SOLUTION Let cos⁻¹(−1/√2) = y, so cos y = −1/√2 with y ∈ [0, π]. cos(3π/4) = −cos(π/4) = −1/√2 and 3π/4 lies in [0, π]. ∴ principal value = 3π/4.

10. cosec⁻¹ (−√2)

SOLUTION Let cosec⁻¹(−√2) = y, so cosec y = −√2, i.e. sin y = −1/√2, with y ∈ [−π/2, π/2] − {0}. sin(−π/4) = −1/√2, so cosec(−π/4) = −√2. ∴ principal value = −π/4.

Find the values of the following:

11. tan⁻¹(1) + cos⁻¹(−1/2) + sin⁻¹(−1/2)

SOLUTION tan⁻¹(1) = π/4 (since tan(π/4) = 1). cos⁻¹(−1/2) = 2π/3 (since cos(2π/3) = −1/2). sin⁻¹(−1/2) = −π/6 (since sin(−π/6) = −1/2). Sum = π/4 + 2π/3 − π/6. LCD 12: 3π/12 + 8π/12 − 2π/12 = 9π/12 = 3π/4.

12. cos⁻¹(1/2) + 2 sin⁻¹(1/2)

SOLUTION cos⁻¹(1/2) = π/3 (since cos(π/3) = 1/2). sin⁻¹(1/2) = π/6, so 2 sin⁻¹(1/2) = π/3. Sum = π/3 + π/3 = 2π/3.

13. If sin⁻¹ x = y, then (A) 0 ≤ y ≤ π (B) −π/2 ≤ y ≤ π/2 (C) 0 < y < π (D) −π/2 < y < π/2

SOLUTION The principal value branch (range) of sin⁻¹ is the closed interval [−π/2, π/2]. So if sin⁻¹ x = y, then −π/2 ≤ y ≤ π/2. ∴ correct option is (B).

14. tan⁻¹√3 − sec⁻¹(−2) is equal to (A) π (B) −π/3 (C) π/3 (D) 2π/3

SOLUTION tan⁻¹√3 = π/3 (since tan(π/3) = √3). sec⁻¹(−2): cos y = −1/2 with y ∈ [0, π] − {π/2}, so y = 2π/3. Value = π/3 − 2π/3 = −π/3. ∴ correct option is (B) −π/3.

Exercise 2.2 Solutions

Prove the following:

1. 3 sin⁻¹ x = sin⁻¹ (3x − 4x³), x ∈ [−1/2, 1/2]

SOLUTION Let x = sinθ, so θ = sin⁻¹ x.
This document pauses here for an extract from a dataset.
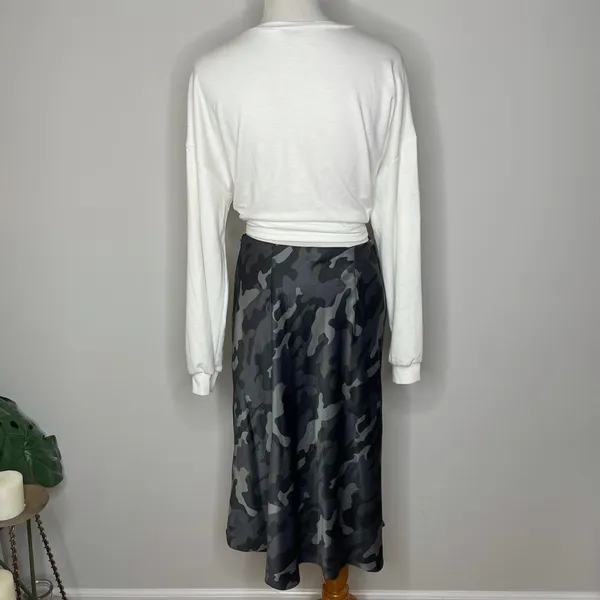 Express- Black & Grey Camo Satin Midi Skirt - Image 5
Since x ∈ [−1/2, 1/2], θ ∈ [−π/6, π/6] and 3θ ∈ [−π/2, π/2]. Using the triple-angle identity, sin 3θ = 3 sinθ − 4 sin³θ = 3x − 4x³. As 3θ lies in the principal range of sin⁻¹, sin⁻¹(3x − 4x³) = sin⁻¹(sin 3θ) = 3θ = 3 sin⁻¹ x. ∴ 3 sin⁻¹ x = sin⁻¹(3x − 4x³). Hence proved.

2. 3 cos⁻¹ x = cos⁻¹ (4x³ − 3x), x ∈ [1/2, 1]

SOLUTION Let x = cosθ, so θ = cos⁻¹ x. Since x ∈ [1/2, 1], θ ∈ [0, π/3] and 3θ ∈ [0, π]. Using the triple-angle identity, cos 3θ = 4 cos³θ − 3 cosθ = 4x³ − 3x. As 3θ lies in [0, π], the principal range of cos⁻¹, cos⁻¹(4x³ − 3x) = cos⁻¹(cos 3θ) = 3θ = 3 cos⁻¹ x. ∴ 3 cos⁻¹ x = cos⁻¹(4x³ − 3x). Hence proved.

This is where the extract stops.